Intervention de Colette Capdevielle

Réunion du 2 mars 2016 à 10h00
Commission des lois constitutionnelles, de la législation et de l'administration générale de la république

Photo issue du site de l'Assemblée nationale ou de WikipediaColette Capdevielle :

Ce n'est pas tous les jours, en effet, que nous examinons des textes qui bousculent à ce point notre droit pénal !

Cette proposition de loi ne comprend que trois articles, d'ailleurs extrêmement bien rédigés, mais elle aura des conséquences inversement proportionnelles à sa taille. La différence entre la prescription de l'action publique et la prescription des peines est essentielle, et votre texte ne les confond pas.

Je vous félicite d'avoir accomplir ce travail difficile. Nous sommes en effet à la croisée des chemins : le pardon fait partie de notre droit, mais nous glissons vers l'imprescriptibilité. Il n'est aujourd'hui pas facile de traiter de ces questions, et vous avez su le faire.

À mon sens, il faut absolument conserver la notion de prescription — tant la prescription de l'action publique que celle des peines — dans notre procédure pénale, et cela même si l'opinion publique n'y est pas favorable. C'est de toute façon indispensable pour respecter nos engagements conventionnels, notamment la Convention européenne des droits de l'homme — M. Devedjian l'a dit : tous les justiciables ont le droit d'être jugés dans un délai raisonnable. Cette question est cruciale, et il en va de même pour l'exécution des peines.

Dans notre tradition pénale, la prescription a un sens : nous sommes heureusement très loin de rendre toutes les infractions imprescriptibles. Cette loi sera votée, je pense, et elle remplacera des lois très anciennes : elle restera sans doute longtemps dans notre droit pénal. Je ne partage pas, monsieur le rapporteur, votre opinion sur l'idée que nous allons vers une imprescriptibilité. Ce serait à mon sens une erreur grave — mais vous connaissez le sujet mieux que moi.

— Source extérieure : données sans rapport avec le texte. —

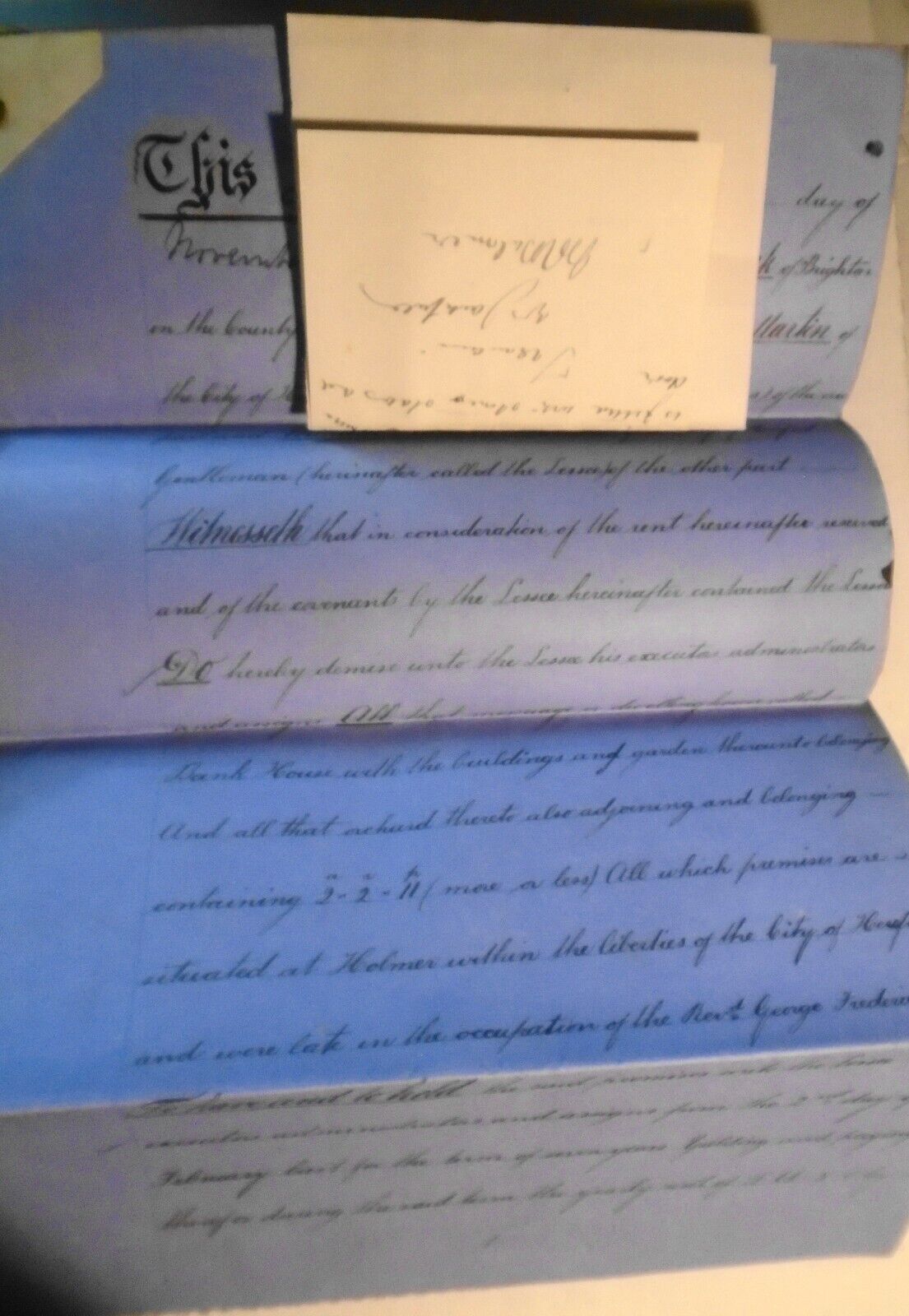 1882 Lease indenture. Hereford, England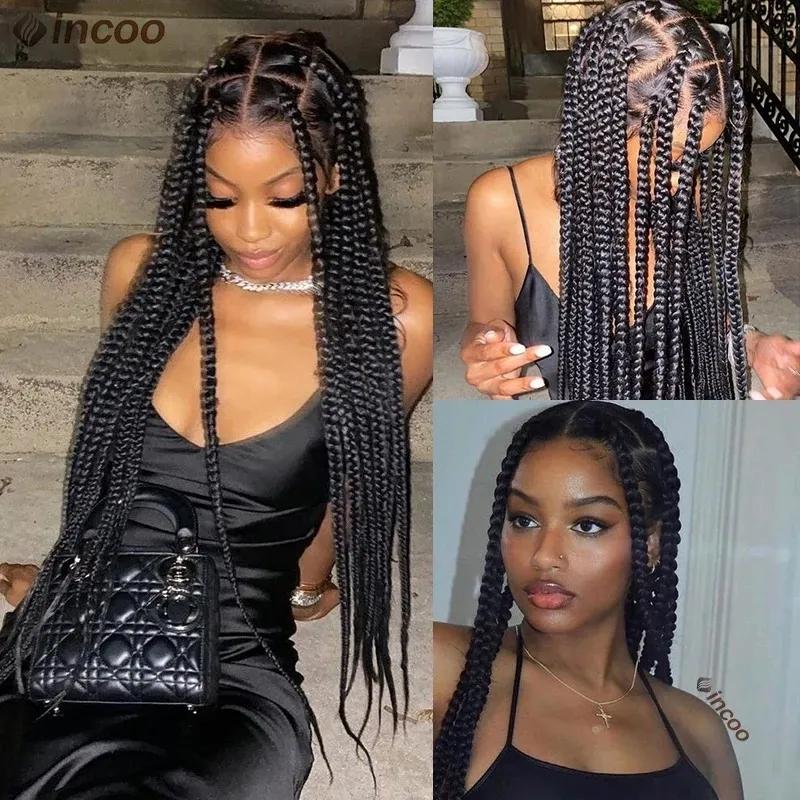 Hair Wigs | Synthetic Large Box Braided Wigs Jumbo Knotless Full Lace Front Wigs For Black Women Jumbo Tribal Braids Faux Locs Cornrows Wig Hair Wigs 40inhes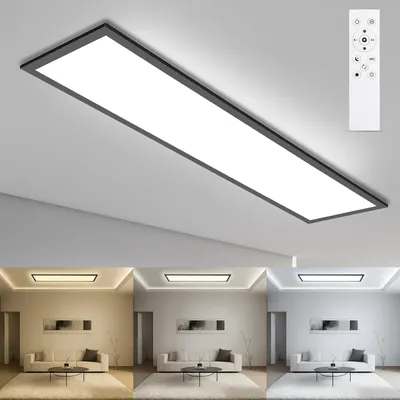 LED Panel Deckenleuchte 100x25cm 30W 3300LM Dimmbar mit Fernbedienung 3000-6500K Memory Funktion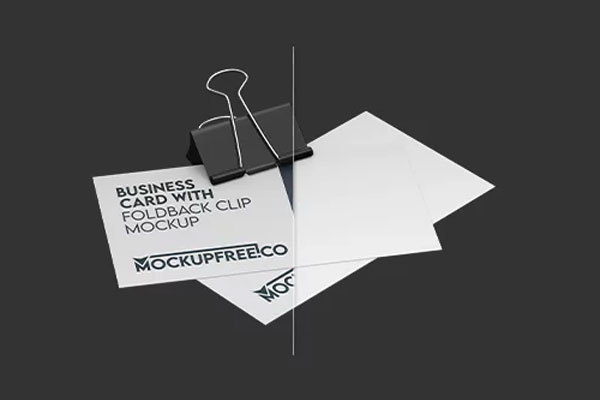 Free 3 Shots of Business Card Mockup with Foldback Clip PSD Template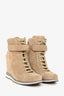 Prada Beige Suede Leather Wedge Heel High Top Sneakers Size 38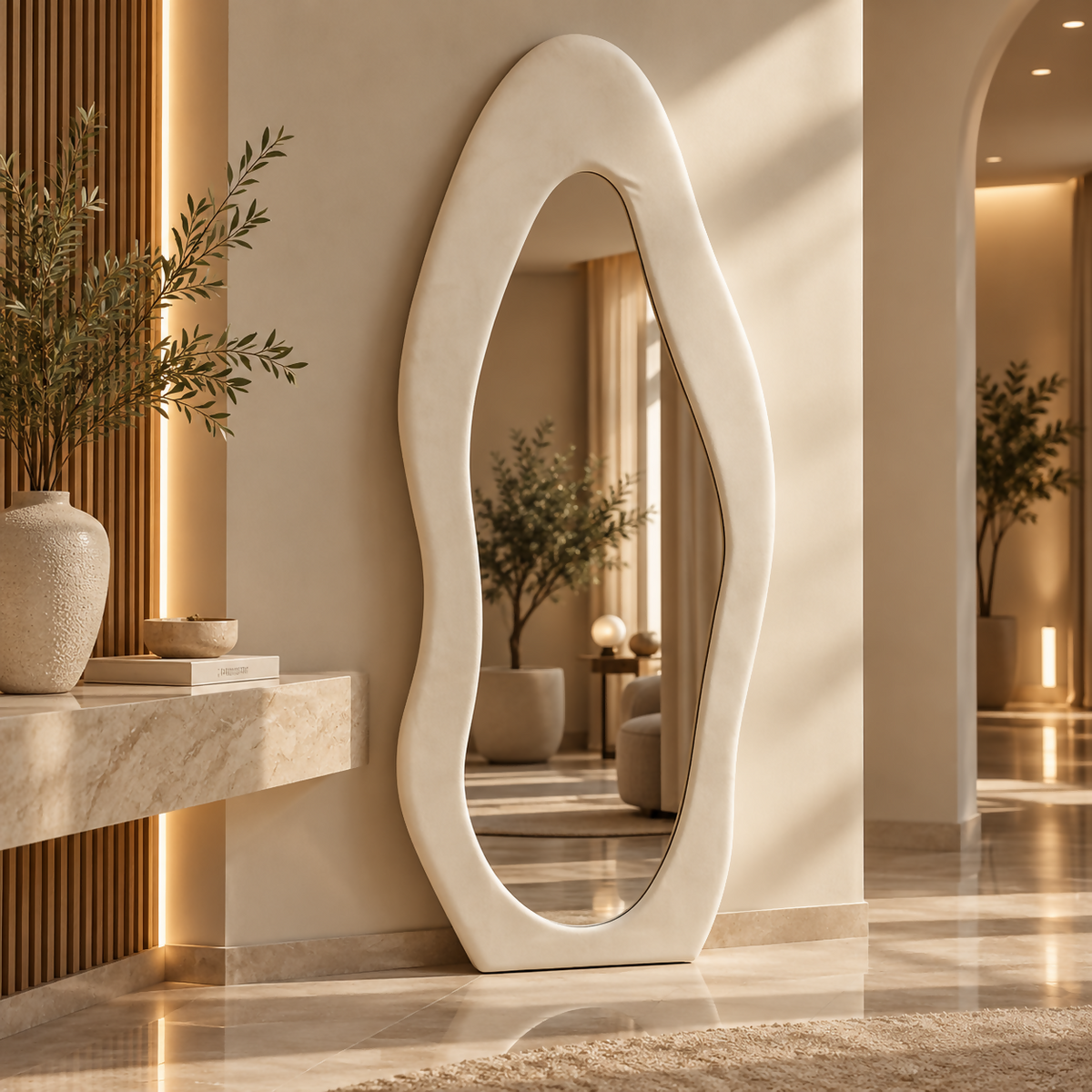 SCULPTA – Free-Form Full-Length Ivory Mirror | 60x1601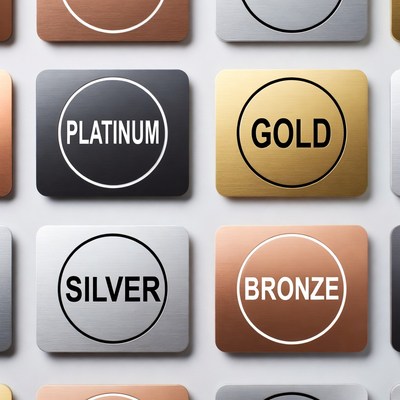 Gold Silver Bronze Platinum Metal Buttons
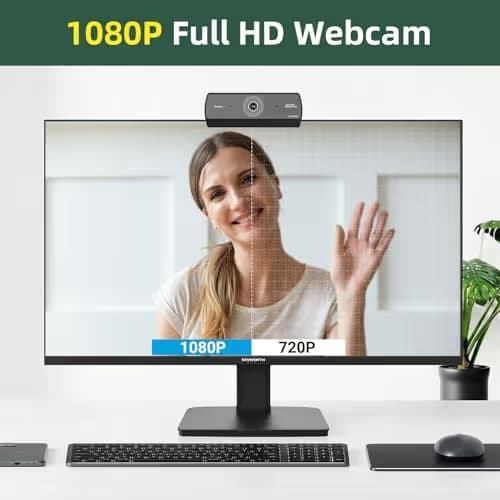 Xweiryn Webcam for PC, HD 1080P USB Plug-and-Play Computer Web Camera, High Definition Webcam for Desktop Laptop, Ideal for Online Class, Video Conference, Live Streaming & Gaming image
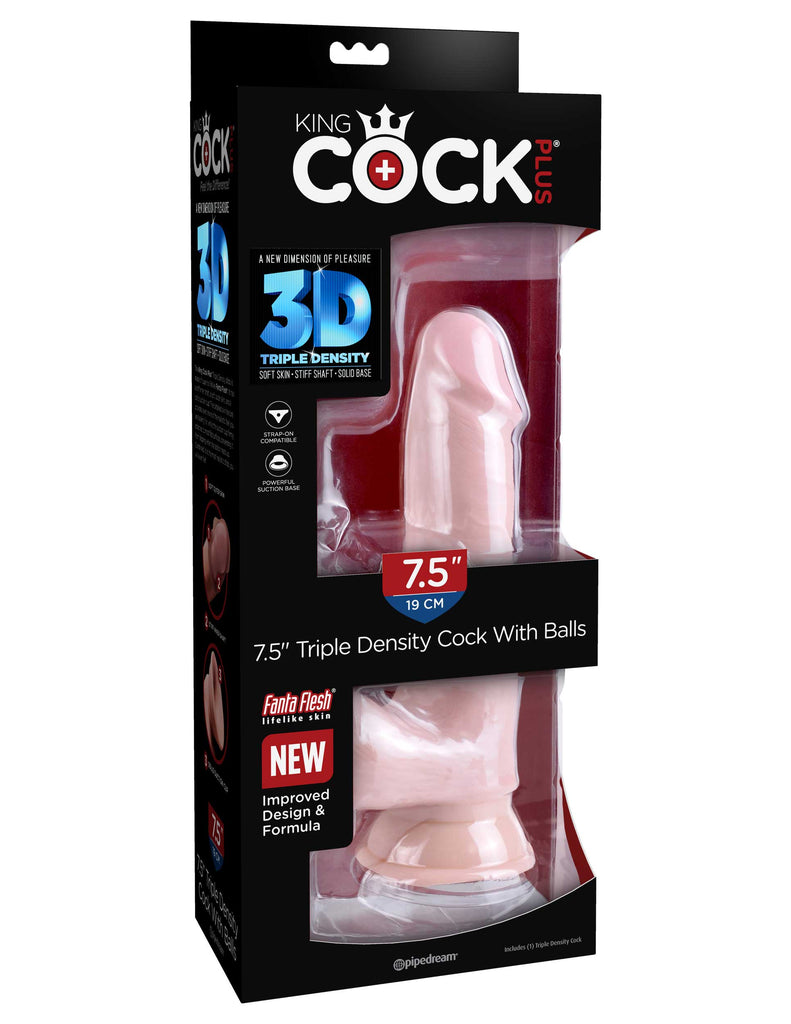 This is an image of The King Cock¬ Plus 7.5" Triple Density Cock with Balls - Light. . Feel The Difference! The King Cock Plus 9" Triple Density Cock is made of new and improved Fanta Flesh material, making it stiff on the inside and soft on the outside. The lifelike outer skin is smooth to the touch, while the inner shaft is stiff and erect like an actual penis, making your pleasure experience as true to real life as possible.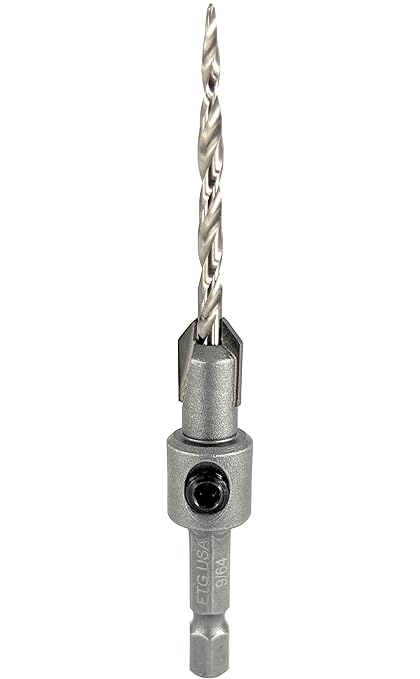 FTG USA #6 (9/64") Tungsten Carbide Tipped Countersink Drill Bit with Tapered Drill Bit, 1/4 Inch Quick Change Hex Shank and Allen Wrench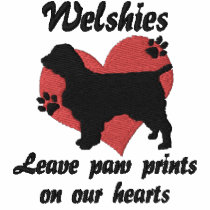 Welsh Springer Spaniels Leave Paw Prints embroidered shirts by MenagerieMayhem Welsh Springer Spaniels Leave Paw Prints embroidered shirts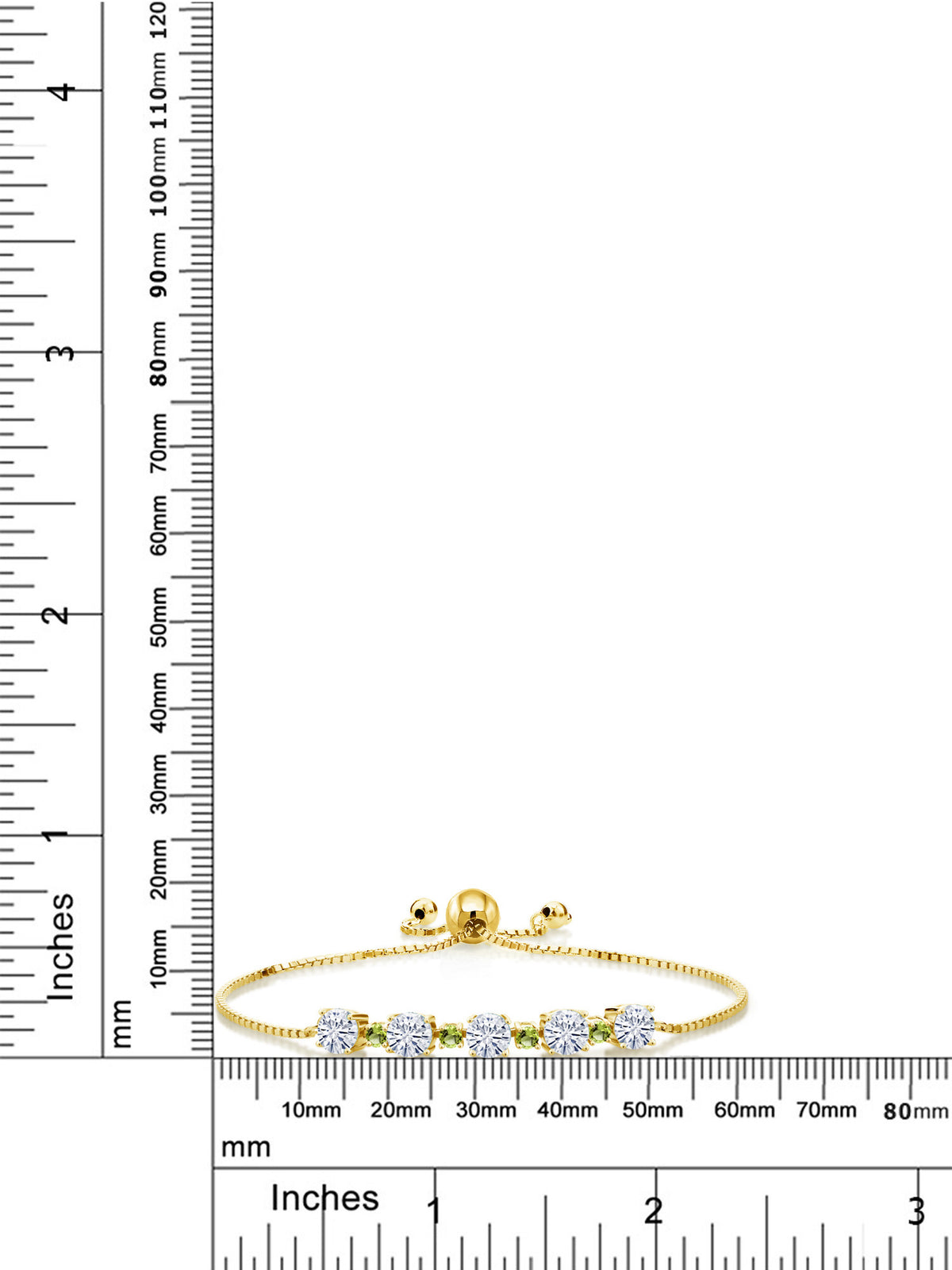 18K Yellow Gold Plated Silver Green Peridot Bracelet with Moissanite (2.78 Cttw) E284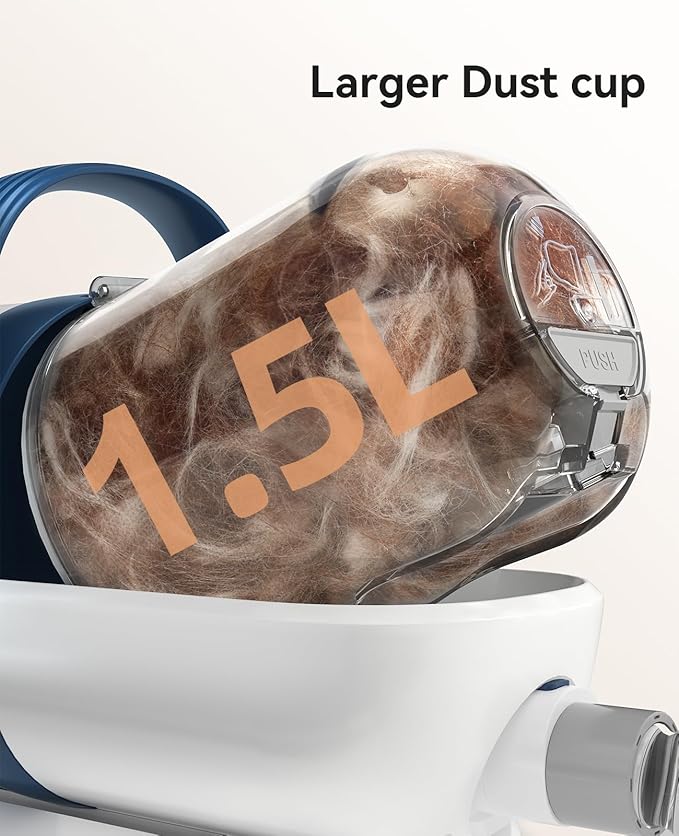 oneisall Dog Hair Vacuum & Dog Grooming Kit, Pet Grooming Vacuum with Pet Clipper Nail Grinder, 1.5L Dust Cup Dog Brush Vacuum with 7 Pet Grooming Tools for Shedding Pet Hair, Home Cleaning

Vous ne touchez pas aux principes fondamentaux de la prescription, qui demeure fonction des catégories d'infraction — contraventions, délits, crimes.

Vous êtes partis d'un constat que nous pouvons tous partager : nos règles sont devenues illisibles, et l'on voit se développer des stratégies judiciaires assez choquantes. Le législateur — en augmentant les délais de prescription pour certaines infractions —, mais aussi la jurisprudence ont créé beaucoup de confusion. Ici même, récemment encore, certains voulaient allonger les délais pour des infractions commises, par exemple, sur des mineurs, voire les rendre imprescriptibles. Notre système a perdu toute cohérence.

Il était temps de le clarifier et de le moderniser, et je vous remercie de cette proposition de loi. Nous admettons en effet moins facilement qu'auparavant le pardon légal, et il est vrai que la preuve judiciaire a énormément changé. Les principales mesures de la proposition de loi me semblent donc aller dans le bon sens, et cet allongement des délais est demandé. Clarifier les modalités de computation des délais est également important, comme me paraissent raisonnables vos propositions en matière de prescription des peines. Rappelons-nous toutefois que, pour les infractions les plus graves, les délais sont déjà allongés : je pense notamment au terrorisme et au trafic de stupéfiants.

Le groupe Socialiste, républicain et citoyen votera ce texte, une fois adoptés les amendements que vous proposez.

Toutefois, je m'interroge sur l'application de ce texte. Le Conseil d'État a été saisi par le Président de l'Assemblée nationale sur le fondement du dernier alinéa de l'article 39 de la Constitution. Le Conseil vous invite notamment à préciser les modalités d'entrée en vigueur de la disposition qui prévoit la suppression du report du point de départ du délai de prescription pour certaines infractions commises sur des personnes vulnérables. Pouvez-vous préciser les conditions d'entrée en vigueur de la loi ? Les affaires en cours seront-elles affectées ? Des éclaircissements me paraissent indispensables.